Superficially, this looked to be a relatively dull topic, but not the way Rob presented. First of all, he is an excellent and highly engaging public speaker. But more than that, he gave one of the best demonstrations I have seen of how cultural and military history can fruitfully be married to create a deep analysis of particular moments in the history of war. He argued that by 1917 the culture of war had changed from a martial one fought by warriors to a civil one worked by civilian soldiers. He pointed out that most men serving in the BEF were predominantly labouring (building roads, digging trenches, mending things) rather than fighting (engaging with the enemy) and that the landscape was dominated as much by the roads, rails, trucks and trains of logistics (sights familiar from civil society) as the otherworldly eeriness of no-man’s-land.

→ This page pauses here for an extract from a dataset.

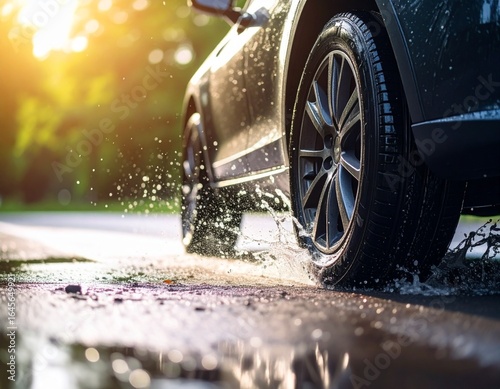 Tire Rolling on a Wet Road, Water Splash in Slow Motion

Having outlined this cultural shift in the way war was being carried out, Rob went on to argue that the failure of British High Command to fully grasp the implications at an operational level led to ultimate failure at Third Ypres. The dominance of civil logistics was due to the rise of artillery, yet no provision was made at the front line for an increase in manpower to serve the needs of the engineers in building/rebuilding roads for the artillery to advance over the landscape it had decimated. The result was poorly trained, exhausted soldiers doing this work badly with the result that the advance became bogged down in its own built-in inertia.

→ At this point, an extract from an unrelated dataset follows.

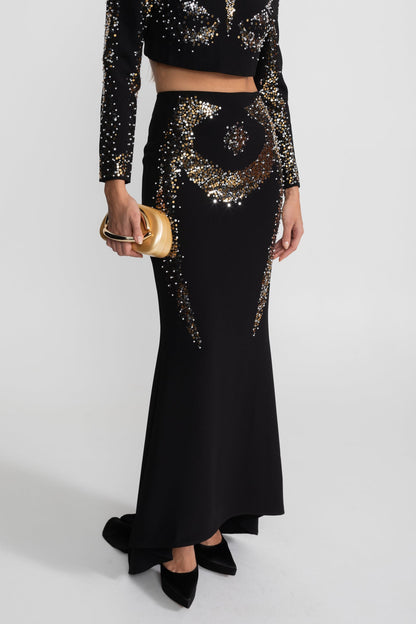 rosalind Embellished Co-Ord Set with Silver and Gold Sequin Detailing - Black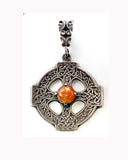 Cryptic Celtic Cross Pendant of Silver-Tone Metal with Faux Amber Cabochon Four-Petal Flower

Rob’s arguments were highly seductive, particularly given his flair for dramatic and humorous narration. The more I think about his arguments, the less convinced I am about the dominance of civilian work culture as that of the war. There were other cultures at play as well, notably the domestic culture which Joanna Bourke and I have both discussed and which had links to the structures of the regimental system, as discussed by David French. There is also an entire social group being ignored by an analysis that focuses on the work cultures of manual labourers, namely the aspirational lower middle classes, the clerks and shop keepers and service workers, men whose experiences of work would no more prepare them for the heavy labour of the front than it would for hand-to-hand combat with an enemy. This is a not-insignificant group of men, yet there has been little discussion beyond that of domesticity, as to how they retained a sense of civil identity in wartime.
There was also a question of morale that I am not sure was fully addressed. From my own work on diaries and memoirs, the aspect of warfare that men found most morale-sapping was repetitive heavy labour and the feeling of being a cog in the machine, both aspects of this civilian culture that Rob identified. Yet morale was maintained, even at the pinch-point of 1917. Why the British Army did not mutiny even at the height of the manpower crisis is something that clearly needs a lot more discussion in light of this analysis.
So there are many questions still to answer, not least, for me, the effect of the manpower crisis on the RAMC in 1917. I am starting to wonder if I might not be able to challenge Mark Harrison’s assertions about the centrality of 1916 to the RAMC and its effectiveness, arguing that from a personnel, rather than organisational, stand-point 1917 is more significant. It certainly has given me some useful ideas to work on.
And, as a bonus, the talk served as a useful reminder that engineers didn’t spend their entire time (or even most of it) digging tunnels. It is always good to have a few assumptions demolished occasionally!